Risk-Adjusted Performance

10 of 100

 
Weak
 
Strong
OK
Compared to the overall equity markets, risk-adjusted returns on investments in Applied Opt are ranked lower than 10 (%) of all global equities and portfolios over the last 90 days. Despite fairly unsteady basic indicators, Applied Opt demonstrated solid returns over the last few months and may actually be approaching a breakup point.

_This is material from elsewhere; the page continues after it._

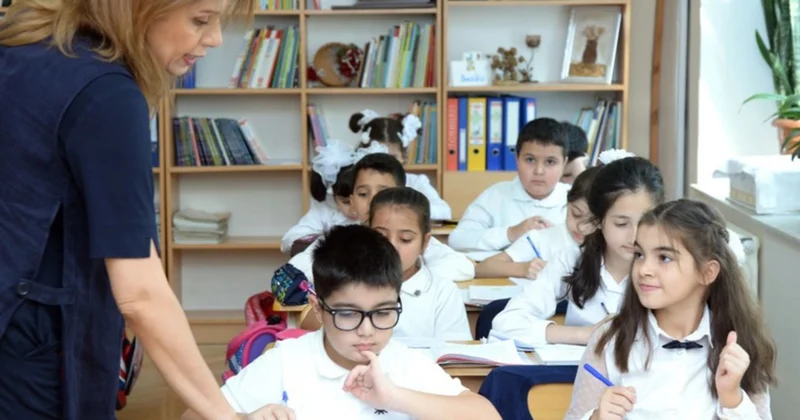 Амруллаев переводит учителей на полный рабочий день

Nokia Corp and Applied Opt Volatility Contrast

   Predicted Return Density   
       Returns  

Pair Trading with Nokia Corp and Applied Opt

The main advantage of trading using opposite Nokia Corp and Applied Opt positions is that it hedges away some unsystematic risk. Because of two separate transactions, even if Nokia Corp position performs unexpectedly, Applied Opt can make up some of the losses. Pair trading also minimizes risk from directional movements in the market. For example, if an entire industry or sector drops because of unexpected headlines, the short position in Applied Opt will offset losses from the drop in Applied Opt's long position.
The idea behind Nokia Corp ADR and Applied Opt pairs trading is to make the combined position market-neutral, meaning the overall market's direction will not affect its win or loss (or potential downside or upside). This can be achieved by designing a pairs trade with two highly correlated stocks or equities that operate in a similar space or sector, making it possible to obtain profits through simple and relatively low-risk investment.
Check out your portfolio center.
Note that this page's information should be used as a complementary analysis to find the right mix of equity instruments to add to your existing portfolios or create a brand new portfolio. You can also try the Global Markets Map module to get a quick overview of global market snapshot using zoomable world map. Drill down to check world indexes.